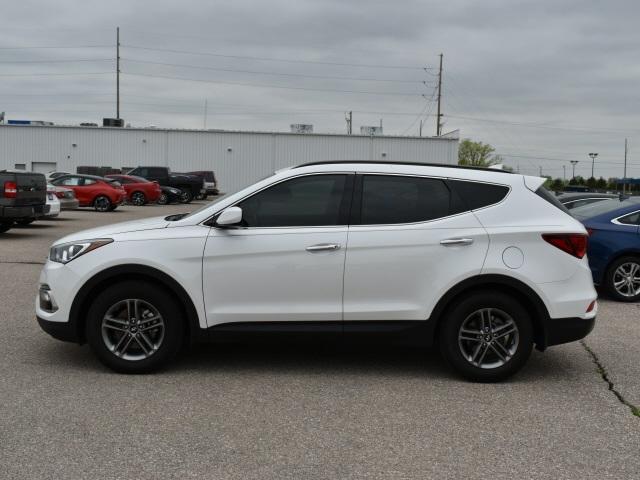 3231-hyundai-santafesport-2017-63402f45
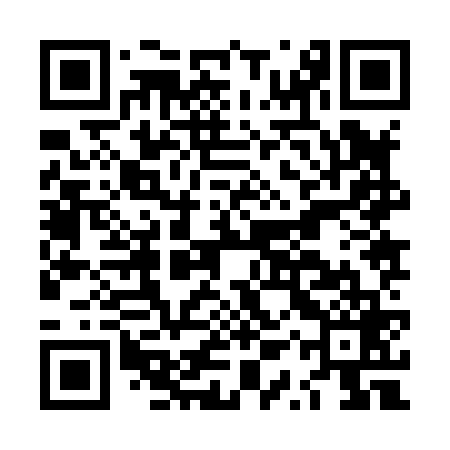 QR code for LQZ869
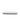 portada_0S400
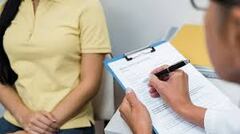 ENCODAT 2025: medir para gobernar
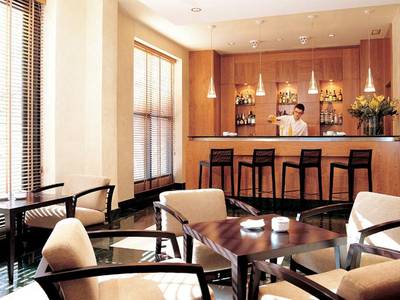 NH Ciudad de Almería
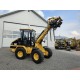 Caterpillar 906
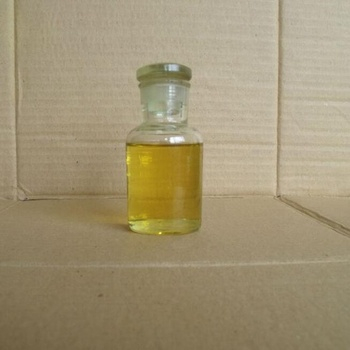 Furfuryl methyl sulfide 1438-91-1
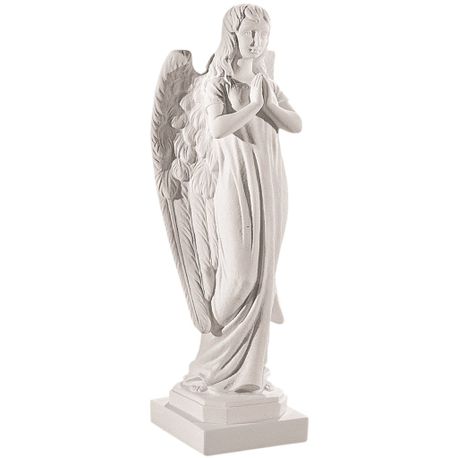 statue-ange-h-37-5-blanc-de-carrare-k0134.jpg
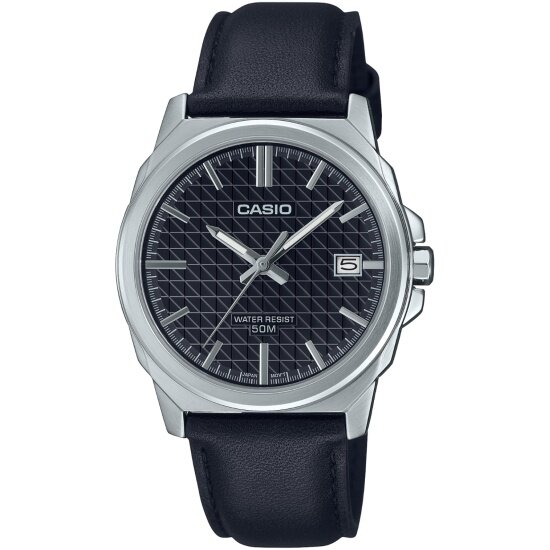 Наручные часы CASIO Collection MTP-E720L-1A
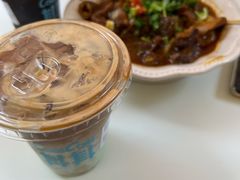 -CowCow其其·牛杂咖啡公司(六运店)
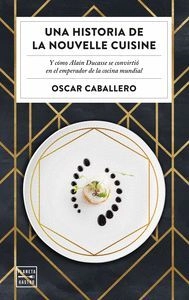 libreriasinopsis1363365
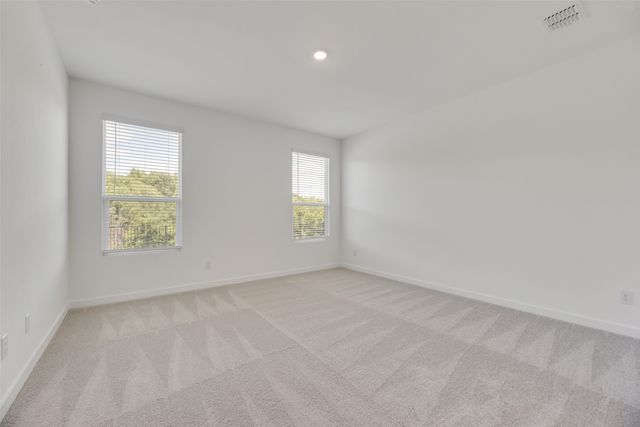 1900 Monchino Place, Providence Village, TX 76227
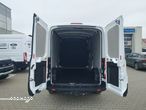 Ford TRANSIT - 10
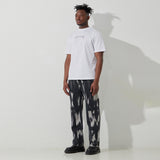 Land Miracle T-shirt (White)
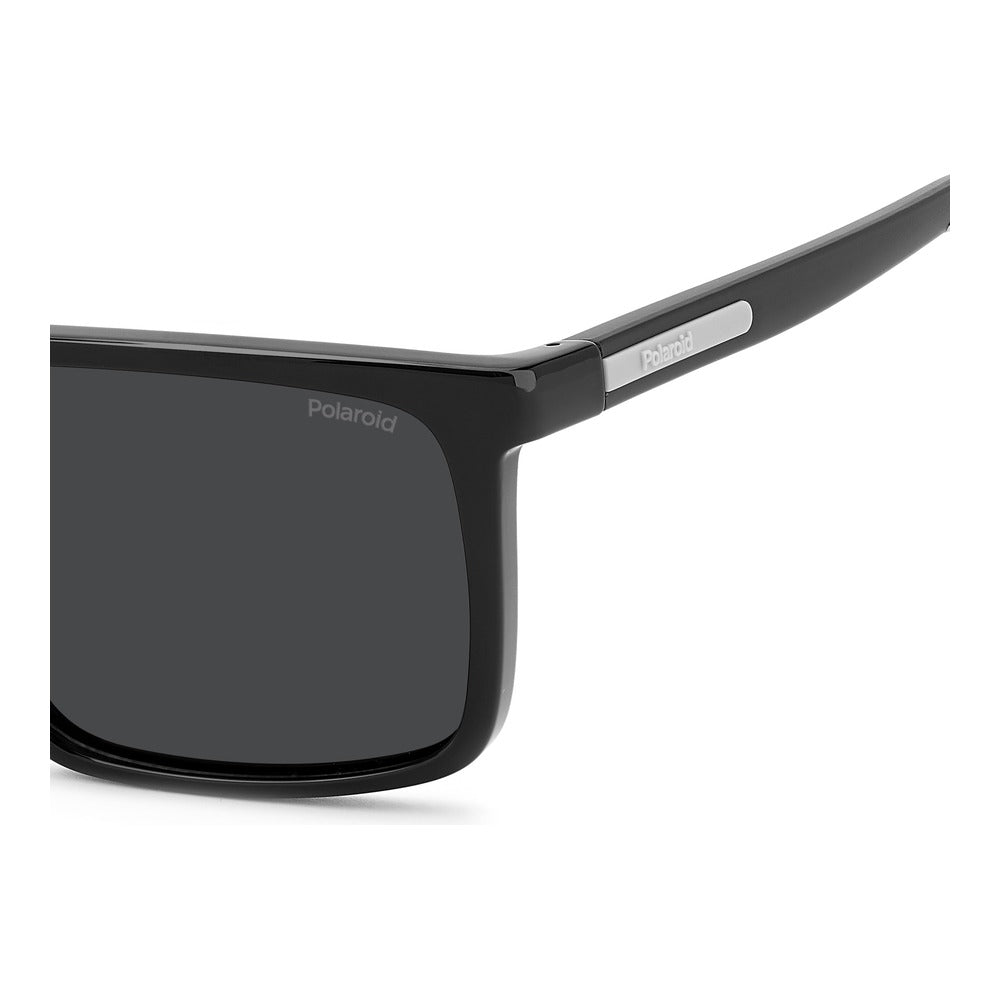 Gafas De Sol Polarizadas POLAROID PLD 2176/S/X 003 Hombre Talla 56 mm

* [PROBLEM DESCRIPTION] An exact transcription of the data above is needed, without the pictures.

* [FINISHED TASK]
 3231-hyundai-santafesport-2017-63402f45
 QR code for LQZ869
 portada_0S400
 ENCODAT 2025: medir para gobernar
 NH Ciudad de Almería
 Caterpillar 906
 Furfuryl methyl sulfide 1438-91-1
 statue-ange-h-37-5-blanc-de-carrare-k0134.jpg
 Наручные часы CASIO Collection MTP-E720L-1A
 -CowCow其其·牛杂咖啡公司(六运店)
 libreriasinopsis1363365
 1900 Monchino Place, Providence Village, TX 76227
 Ford TRANSIT - 10
 Land Miracle T-shirt (White)
 Gafas De Sol Polarizadas POLAROID PLD 2176/S/X 003 Hombre Talla 56 mm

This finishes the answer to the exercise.